Thread: Using Index-only scans to speed up count(*)

Using Index-only scans to speed up count(*)

From

Gurjeet Singh

Date:

07 June 2014, 12:35:59

While reading [1] in context of Postgres Hibernator, I see that
Mitsuru mentioned one of the ways other RDBMS allows count(*) to be
driven by an index.

> 'select /*+ INDEX(emp emp_pk) */ count(*) from emp;' to load index blocks

I am not sure if Postgres planner already allows this, but it would be
great if the planner considered driving a count(*) query using a
non-partial index, in the hopes that it turns into an index-only scan,
and hence returns count(*) result faster.The non-partial index may not
necessarily be the primary key index, it can be chosen purely based on
size, favouring smaller indexes.

This may alleviate some of the concerns of people migrating
applications from other DBMS' that perform count(*) in a blink of an
eye.

[1]: http://www.postgresql.org/message-id/20110507.022228.83883502.iwasaki@jp.FreeBSD.org

Best regards,

PS: Please note that I am not proposing to add support for the
optimizer hint embedded in Mitsuru's query.
-- 
Gurjeet Singh http://gurjeet.singh.im/

EDB www.EnterpriseDB.com

Re: Using Index-only scans to speed up count(*)

From

Cédric Villemain

Date:

07 June 2014, 12:56:34

Le samedi 7 juin 2014 08:35:27 Gurjeet Singh a écrit :
> While reading [1] in context of Postgres Hibernator, I see that
> Mitsuru mentioned one of the ways other RDBMS allows count(*) to be
> driven by an index.
>
> > 'select /*+ INDEX(emp emp_pk) */ count(*) from emp;' to load index
> > blocks
> I am not sure if Postgres planner already allows this, but it would be
> great if the planner considered driving a count(*) query using a
> non-partial index, in the hopes that it turns into an index-only
> scan, and hence returns count(*) result faster.The non-partial index
> may not necessarily be the primary key index, it can be chosen purely
> based on size, favouring smaller indexes.

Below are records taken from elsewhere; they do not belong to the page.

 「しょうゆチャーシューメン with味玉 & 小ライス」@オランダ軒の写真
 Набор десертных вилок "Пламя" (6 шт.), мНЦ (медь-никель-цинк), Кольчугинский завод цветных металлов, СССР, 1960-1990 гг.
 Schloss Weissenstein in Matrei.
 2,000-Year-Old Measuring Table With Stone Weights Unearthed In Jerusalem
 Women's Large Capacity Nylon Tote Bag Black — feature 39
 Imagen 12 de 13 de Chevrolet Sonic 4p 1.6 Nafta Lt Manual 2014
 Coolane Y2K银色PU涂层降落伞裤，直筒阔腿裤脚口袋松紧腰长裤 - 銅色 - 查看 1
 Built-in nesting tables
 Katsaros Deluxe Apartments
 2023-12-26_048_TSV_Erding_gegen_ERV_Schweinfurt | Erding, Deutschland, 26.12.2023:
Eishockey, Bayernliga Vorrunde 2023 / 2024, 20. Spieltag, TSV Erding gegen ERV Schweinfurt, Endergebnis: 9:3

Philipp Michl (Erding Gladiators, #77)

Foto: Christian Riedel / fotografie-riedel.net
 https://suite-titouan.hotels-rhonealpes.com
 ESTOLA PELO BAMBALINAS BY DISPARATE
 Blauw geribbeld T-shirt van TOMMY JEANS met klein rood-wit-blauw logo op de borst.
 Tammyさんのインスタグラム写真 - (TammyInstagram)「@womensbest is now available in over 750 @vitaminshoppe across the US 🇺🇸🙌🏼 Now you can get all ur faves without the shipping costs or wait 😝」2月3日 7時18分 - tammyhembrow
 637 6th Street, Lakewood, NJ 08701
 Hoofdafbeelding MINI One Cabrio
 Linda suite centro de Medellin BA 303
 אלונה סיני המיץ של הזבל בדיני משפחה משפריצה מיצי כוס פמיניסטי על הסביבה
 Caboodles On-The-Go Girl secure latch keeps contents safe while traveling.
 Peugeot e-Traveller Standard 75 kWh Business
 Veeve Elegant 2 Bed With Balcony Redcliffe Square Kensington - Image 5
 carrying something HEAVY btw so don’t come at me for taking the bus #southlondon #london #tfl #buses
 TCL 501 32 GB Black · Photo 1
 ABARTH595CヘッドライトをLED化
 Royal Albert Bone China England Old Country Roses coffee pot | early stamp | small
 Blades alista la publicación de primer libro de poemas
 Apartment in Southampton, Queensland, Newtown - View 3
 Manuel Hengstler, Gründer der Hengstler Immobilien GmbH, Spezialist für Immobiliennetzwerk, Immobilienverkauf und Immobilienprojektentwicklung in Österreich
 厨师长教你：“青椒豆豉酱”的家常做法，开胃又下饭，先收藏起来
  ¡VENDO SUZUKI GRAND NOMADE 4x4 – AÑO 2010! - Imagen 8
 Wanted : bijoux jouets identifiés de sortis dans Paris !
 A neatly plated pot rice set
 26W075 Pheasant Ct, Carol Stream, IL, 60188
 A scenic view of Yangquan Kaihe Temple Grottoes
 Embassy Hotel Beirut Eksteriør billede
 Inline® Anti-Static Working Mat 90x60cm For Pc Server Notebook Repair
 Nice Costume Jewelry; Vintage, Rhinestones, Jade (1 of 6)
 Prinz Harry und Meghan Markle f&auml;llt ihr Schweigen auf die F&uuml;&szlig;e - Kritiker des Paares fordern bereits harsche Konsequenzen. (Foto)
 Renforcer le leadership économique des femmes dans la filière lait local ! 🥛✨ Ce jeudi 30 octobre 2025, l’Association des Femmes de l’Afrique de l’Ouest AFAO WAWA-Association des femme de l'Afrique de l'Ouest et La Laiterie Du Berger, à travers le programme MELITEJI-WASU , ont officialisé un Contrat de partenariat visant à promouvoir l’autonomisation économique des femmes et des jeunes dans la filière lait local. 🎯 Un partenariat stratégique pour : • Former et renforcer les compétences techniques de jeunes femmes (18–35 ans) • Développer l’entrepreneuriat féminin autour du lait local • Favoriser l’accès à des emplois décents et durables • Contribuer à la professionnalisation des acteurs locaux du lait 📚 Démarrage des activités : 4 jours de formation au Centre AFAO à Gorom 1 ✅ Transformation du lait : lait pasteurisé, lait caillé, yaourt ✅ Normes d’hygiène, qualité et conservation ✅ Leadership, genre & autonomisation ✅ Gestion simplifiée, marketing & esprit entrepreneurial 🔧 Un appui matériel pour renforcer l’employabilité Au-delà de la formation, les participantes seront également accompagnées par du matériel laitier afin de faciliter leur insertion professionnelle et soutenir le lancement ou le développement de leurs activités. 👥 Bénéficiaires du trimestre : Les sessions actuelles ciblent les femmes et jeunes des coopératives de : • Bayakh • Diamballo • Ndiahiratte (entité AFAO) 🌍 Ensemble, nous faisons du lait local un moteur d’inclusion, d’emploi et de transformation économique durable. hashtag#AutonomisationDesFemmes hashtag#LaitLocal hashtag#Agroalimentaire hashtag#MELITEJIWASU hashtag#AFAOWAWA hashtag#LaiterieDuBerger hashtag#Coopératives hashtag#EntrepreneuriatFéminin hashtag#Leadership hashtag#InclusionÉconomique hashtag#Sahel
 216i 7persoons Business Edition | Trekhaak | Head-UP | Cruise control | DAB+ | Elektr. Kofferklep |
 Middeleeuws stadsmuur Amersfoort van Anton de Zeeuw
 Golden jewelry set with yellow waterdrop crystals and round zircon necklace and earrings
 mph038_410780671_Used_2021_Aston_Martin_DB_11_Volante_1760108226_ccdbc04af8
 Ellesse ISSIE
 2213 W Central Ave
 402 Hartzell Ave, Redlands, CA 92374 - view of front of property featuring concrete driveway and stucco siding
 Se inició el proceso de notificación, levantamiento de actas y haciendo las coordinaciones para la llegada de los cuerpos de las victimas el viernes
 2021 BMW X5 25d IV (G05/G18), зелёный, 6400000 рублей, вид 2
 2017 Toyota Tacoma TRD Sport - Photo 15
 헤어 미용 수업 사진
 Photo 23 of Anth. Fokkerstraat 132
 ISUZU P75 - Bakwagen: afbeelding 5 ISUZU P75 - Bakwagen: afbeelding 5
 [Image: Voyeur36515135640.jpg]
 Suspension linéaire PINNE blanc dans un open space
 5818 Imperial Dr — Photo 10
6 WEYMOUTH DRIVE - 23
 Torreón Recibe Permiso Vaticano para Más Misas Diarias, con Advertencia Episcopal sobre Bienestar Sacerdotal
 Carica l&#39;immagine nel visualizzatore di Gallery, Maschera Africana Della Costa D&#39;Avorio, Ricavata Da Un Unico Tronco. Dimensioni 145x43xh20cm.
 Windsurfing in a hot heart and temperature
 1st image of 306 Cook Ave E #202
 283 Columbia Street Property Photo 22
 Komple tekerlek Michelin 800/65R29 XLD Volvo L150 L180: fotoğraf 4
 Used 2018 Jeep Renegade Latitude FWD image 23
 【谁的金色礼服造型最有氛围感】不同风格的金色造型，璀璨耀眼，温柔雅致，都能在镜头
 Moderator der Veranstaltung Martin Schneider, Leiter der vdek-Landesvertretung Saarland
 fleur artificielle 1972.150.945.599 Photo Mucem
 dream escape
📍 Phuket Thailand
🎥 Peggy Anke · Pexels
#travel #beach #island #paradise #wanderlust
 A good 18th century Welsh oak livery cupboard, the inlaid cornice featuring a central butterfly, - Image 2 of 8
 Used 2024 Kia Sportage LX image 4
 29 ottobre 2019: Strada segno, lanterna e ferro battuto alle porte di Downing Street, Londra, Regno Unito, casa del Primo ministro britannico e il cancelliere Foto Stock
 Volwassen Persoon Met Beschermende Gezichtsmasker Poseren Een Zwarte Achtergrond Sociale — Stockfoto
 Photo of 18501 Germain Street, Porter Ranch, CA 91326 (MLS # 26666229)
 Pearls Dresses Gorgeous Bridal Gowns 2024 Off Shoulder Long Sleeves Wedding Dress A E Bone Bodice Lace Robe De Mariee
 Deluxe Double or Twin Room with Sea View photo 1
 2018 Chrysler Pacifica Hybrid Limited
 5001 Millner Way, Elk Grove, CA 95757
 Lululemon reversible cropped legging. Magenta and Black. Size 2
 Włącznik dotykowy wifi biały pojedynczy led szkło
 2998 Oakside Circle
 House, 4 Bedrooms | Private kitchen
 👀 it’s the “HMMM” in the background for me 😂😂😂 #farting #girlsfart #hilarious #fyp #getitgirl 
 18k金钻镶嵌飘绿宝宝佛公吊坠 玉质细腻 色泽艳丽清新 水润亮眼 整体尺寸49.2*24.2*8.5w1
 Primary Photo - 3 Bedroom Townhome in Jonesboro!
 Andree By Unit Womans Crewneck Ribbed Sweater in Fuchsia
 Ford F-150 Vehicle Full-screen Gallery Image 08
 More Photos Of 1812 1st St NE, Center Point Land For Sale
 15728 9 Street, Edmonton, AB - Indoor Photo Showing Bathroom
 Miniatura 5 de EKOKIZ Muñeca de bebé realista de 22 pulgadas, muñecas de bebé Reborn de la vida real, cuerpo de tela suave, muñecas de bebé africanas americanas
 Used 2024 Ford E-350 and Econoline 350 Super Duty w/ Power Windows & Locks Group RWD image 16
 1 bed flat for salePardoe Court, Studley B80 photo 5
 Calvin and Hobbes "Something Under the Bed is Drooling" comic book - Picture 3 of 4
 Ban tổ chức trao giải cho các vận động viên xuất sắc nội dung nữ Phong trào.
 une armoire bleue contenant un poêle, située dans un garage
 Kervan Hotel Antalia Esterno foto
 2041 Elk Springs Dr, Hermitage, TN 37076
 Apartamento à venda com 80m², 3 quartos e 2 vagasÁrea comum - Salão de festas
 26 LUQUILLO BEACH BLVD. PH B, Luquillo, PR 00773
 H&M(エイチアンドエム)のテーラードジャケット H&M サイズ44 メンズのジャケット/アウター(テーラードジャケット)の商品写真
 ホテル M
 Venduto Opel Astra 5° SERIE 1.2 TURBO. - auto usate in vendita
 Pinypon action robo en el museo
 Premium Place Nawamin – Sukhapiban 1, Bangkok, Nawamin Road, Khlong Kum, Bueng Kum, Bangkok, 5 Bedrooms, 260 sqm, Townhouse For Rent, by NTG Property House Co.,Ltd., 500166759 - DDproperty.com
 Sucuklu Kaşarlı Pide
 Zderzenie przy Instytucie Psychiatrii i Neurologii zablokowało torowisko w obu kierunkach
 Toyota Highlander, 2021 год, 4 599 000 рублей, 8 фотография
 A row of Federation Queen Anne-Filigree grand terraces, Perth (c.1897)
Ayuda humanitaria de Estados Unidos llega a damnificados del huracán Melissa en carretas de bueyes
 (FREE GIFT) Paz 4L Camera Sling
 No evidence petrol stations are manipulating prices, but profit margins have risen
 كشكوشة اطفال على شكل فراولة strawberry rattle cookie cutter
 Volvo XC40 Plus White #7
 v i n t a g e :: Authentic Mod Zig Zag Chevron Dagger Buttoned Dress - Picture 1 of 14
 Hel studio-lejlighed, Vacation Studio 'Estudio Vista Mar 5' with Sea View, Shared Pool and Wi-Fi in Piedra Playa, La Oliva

IIRC it is not (yet) possible to switch from index-scan to indexonly-
scan on the fly because the structure used are different (indexonly scan
needs to prepare a tuple struct to hold data, I'm not sure of the
details).
Indexonly scan is already used to answer count(*) but decision is done
during planning.

Now, it happens that this is an interesting idea which has already been
discussed if not on postgresql-hacker at least during pre/post-
conferences social events: being able to switch the plan during
execution if things are not working as expected (in the same topic you
have 'progress bar' for query execution, at least some mechanisms should
be shared by both features).

> PS: Please note that I am not proposing to add support for the
> optimizer hint embedded in Mitsuru's query.

:-)

--
Cédric Villemain +33 (0)6 20 30 22 52
http://2ndQuadrant.fr/
PostgreSQL: Support 24x7 - Développement, Expertise et Formation

Re: Using Index-only scans to speed up count(*)

From

Gurjeet Singh

Date:

07 June 2014, 13:09:25

On Sat, Jun 7, 2014 at 8:56 AM, Cédric Villemain <cedric@2ndquadrant.com> wrote:
> Le samedi 7 juin 2014 08:35:27 Gurjeet Singh a écrit :
>
>> PS: Please note that I am not proposing to add support for the
>> optimizer hint embedded in Mitsuru's query.
>
> :-)

Even though I (sometimes) favor hints, and developed the optimizer
hints feature in EDB (PPAS), I know how much Postgres **hates** [1]
optimizer hints :) So just trying to wade off potential flamewar-ish
comments.

[1]: http://wiki.postgresql.org/wiki/Todo#Features_We_Do_Not_Want

Best regards,
--
Gurjeet Singh http://gurjeet.singh.im/

EDB www.EnterpriseDB.com

Re: Using Index-only scans to speed up count(*)

From

Cédric Villemain

Date:

07 June 2014, 13:22:37

Le samedi 7 juin 2014 09:09:00 Gurjeet Singh a écrit :
> On Sat, Jun 7, 2014 at 8:56 AM, Cédric Villemain
<cedric@2ndquadrant.com> wrote:
> > Le samedi 7 juin 2014 08:35:27 Gurjeet Singh a écrit :
> >> PS: Please note that I am not proposing to add support for the
> >> optimizer hint embedded in Mitsuru's query.
> >>
> > :-)
>
> Even though I (sometimes) favor hints, and developed the optimizer
> hints feature in EDB (PPAS), I know how much Postgres **hates** [1]
> optimizer hints :) So just trying to wade off potential flamewar-ish
> comments.

There is a large benefits to users in preventing HINT in core: it makes
it mandatory for PostgreSQL to keep improving, and it makes it mandatory
for developers to find solutions around this constraint. There is at
least planner_hint contribution (search Oleg website), and added to a
postgresql hook on the parser you're done implementing HINT in userland.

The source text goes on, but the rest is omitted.